The cost is for a battery that would propel a car for 100 miles, explains Recovery Act Investments: Transforming America's Transportation Sector.
The higher-volume domestic manufacturing that is incented by the Act will reduce the cost of that battery to US$16,000 by the end of 2013 and US$10,000 by 2015, “dramatically driving down the cost of an electric vehicle and greatly expanding the domestic market.”
The report documents how funds from the Recovery Act are creating jobs, constructing new plants, adding new manufacturing lines, installing electric vehicle charging stations and helping to build the emerging domestic electric vehicle industry.

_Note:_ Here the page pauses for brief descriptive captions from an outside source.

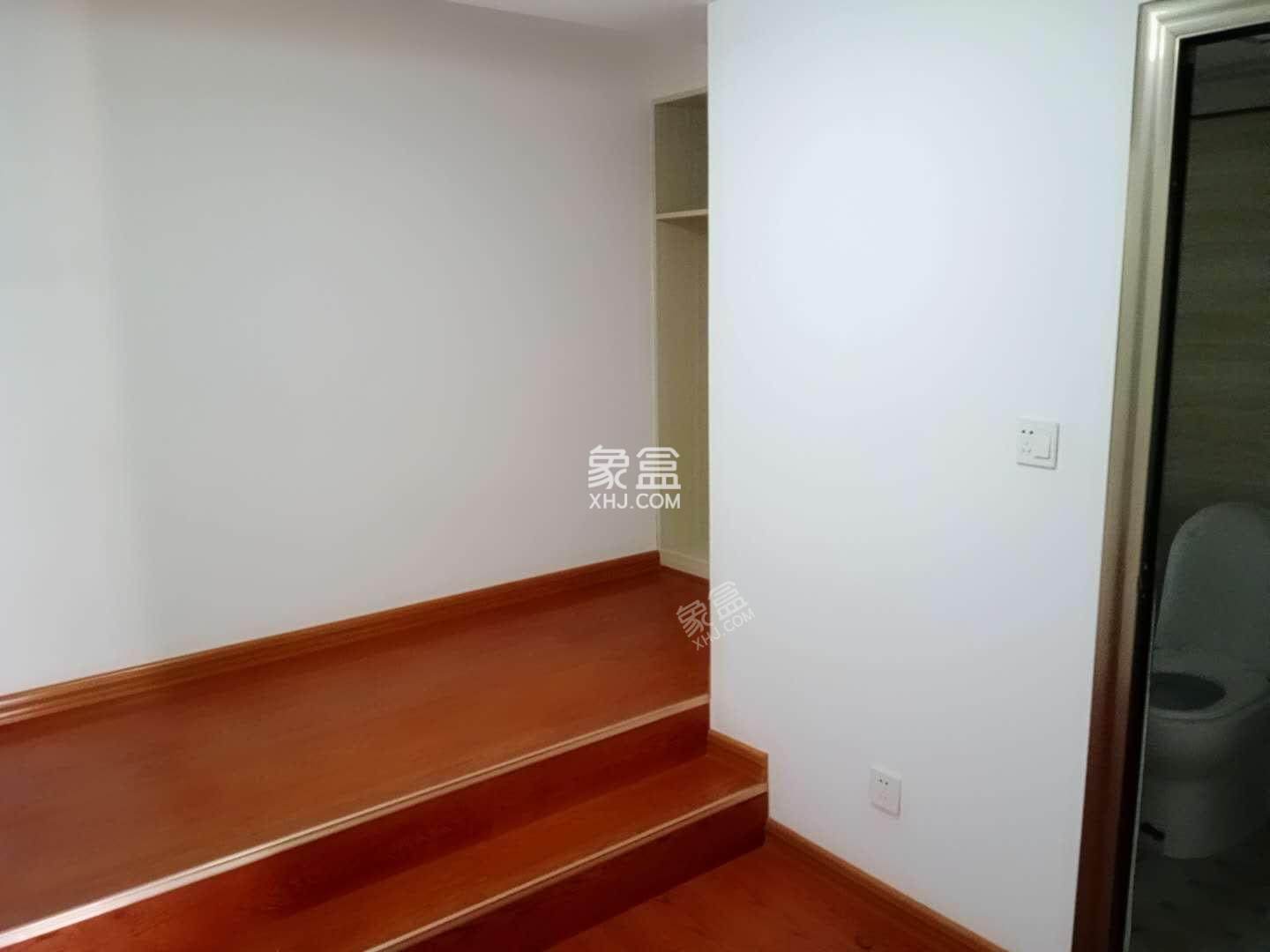 云顶上品 2室1厅2卫 1600.0元/月 云顶上品 2室1厅2卫 1600.0元/月室内图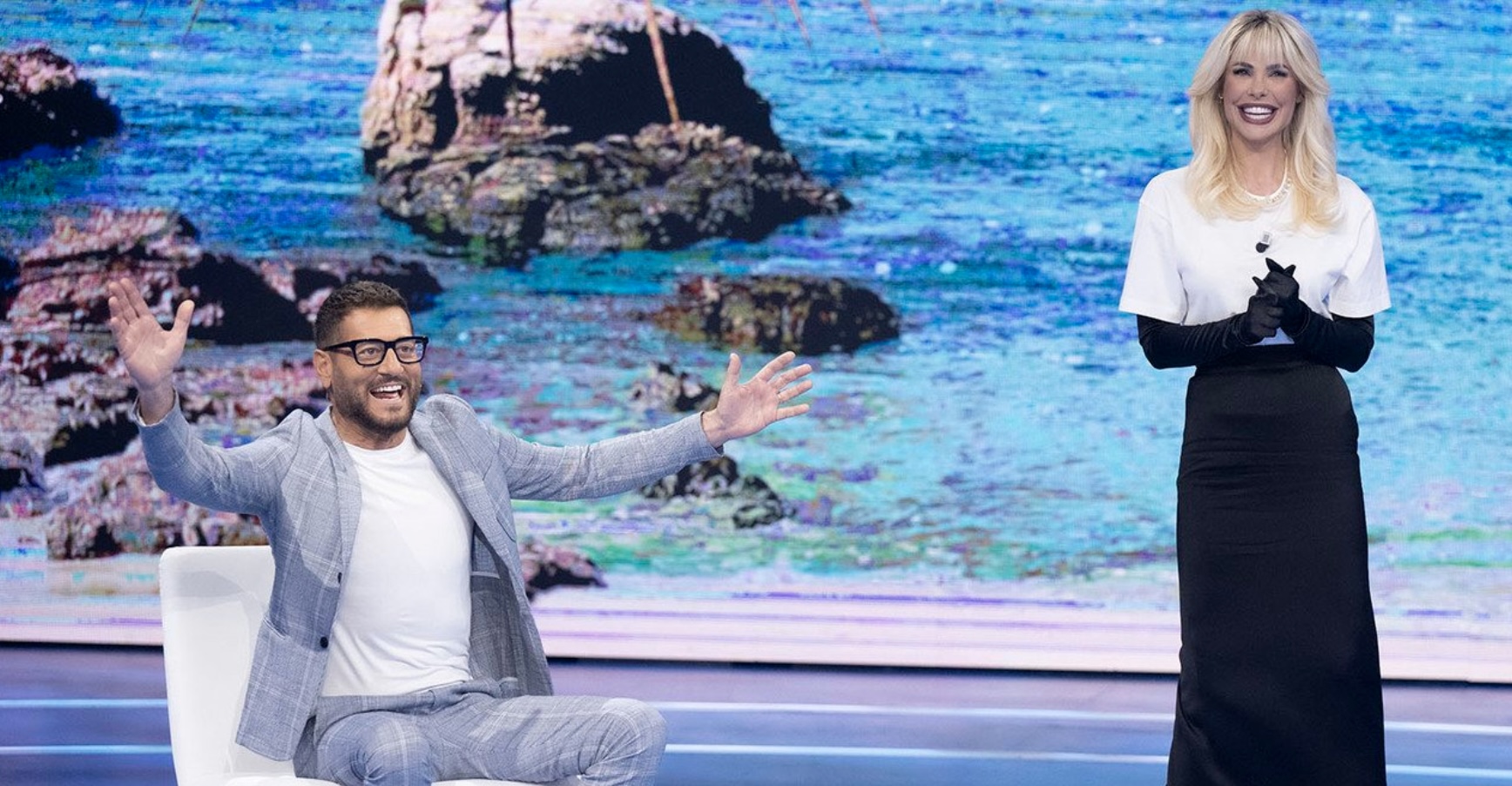 Enrico Papi prêt à quitter L'Isola dei Famosi "un geste a provoqué la colère des étages supérieurs de Mediaset"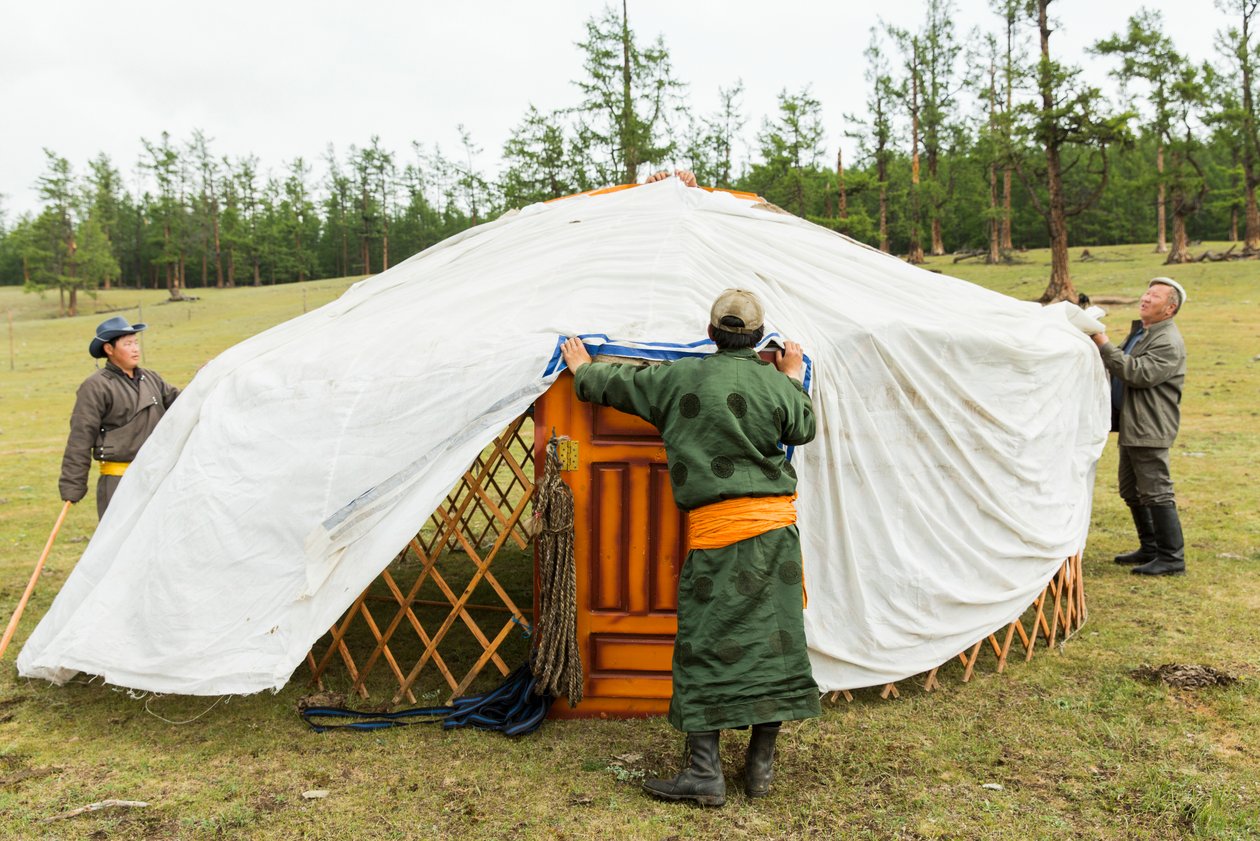 População local a construir uma ger, uma yurt portátil, perto do lago Khövsgöl, no norte da Mongólia, 2013 (foto) de Ira Block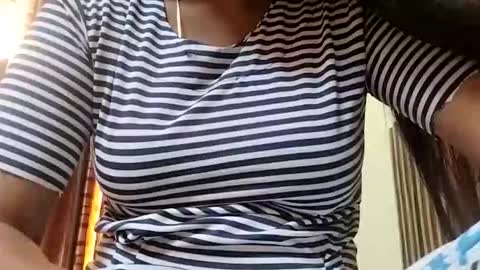 taniya_roy4628 online show from March 31, 2:23 am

Among key highlights in the report:
- Before the Recovery Act, the US produced 2% of the world's batteries for advanced vehicles; investments under the Act means the USA will have capacity to produce 20% of batteries by 2012 and 40% by 2015;
- All of the 9 new battery plants opening as a result of Recovery Act investments have started construction and four will be operational by the end of this year. Another 21 plants will make battery or electric vehicle components with the help of federal grants;
- Before the Recovery Act, there were 500 electric vehicle charging locations across the USA; Recovery Act investments will boost this number to 20,000 by 2012; and
- For every dollar of the US$2.4 billion in seed money provided by the Government for advanced battery and electric vehicles, private companies have matched it dollar for dollar.
The report was released in advance of President Obama's official groundbreaking of the Compact Power plant in Michigan. It received a US$151m grant under the Recovery Act to manufacture batteries to support 52,000 Chevy Volts each year and to supply batteries for the new electric Ford Focus.
As part of DoE’s US$12bn investment in advanced vehicle technologies, it is investing US$5bn to electrify the transportation sector. It has provided US$2.6bn in loans to Nissan, Tesla and Fisker to establish electric vehicle manufacturing facilities in Tennessee, California and Delaware.
Within the next few years, domestic manufacturers will produce batteries that last up to 14 years, the report explains, assuming drivers charge their vehicles 1.5 times per week.
“This should give consumers confidence that electric vehicle batteries will last the full life of the vehicle. In addition, longer lasting batteries reduce the potential for used batteries to become waste material.”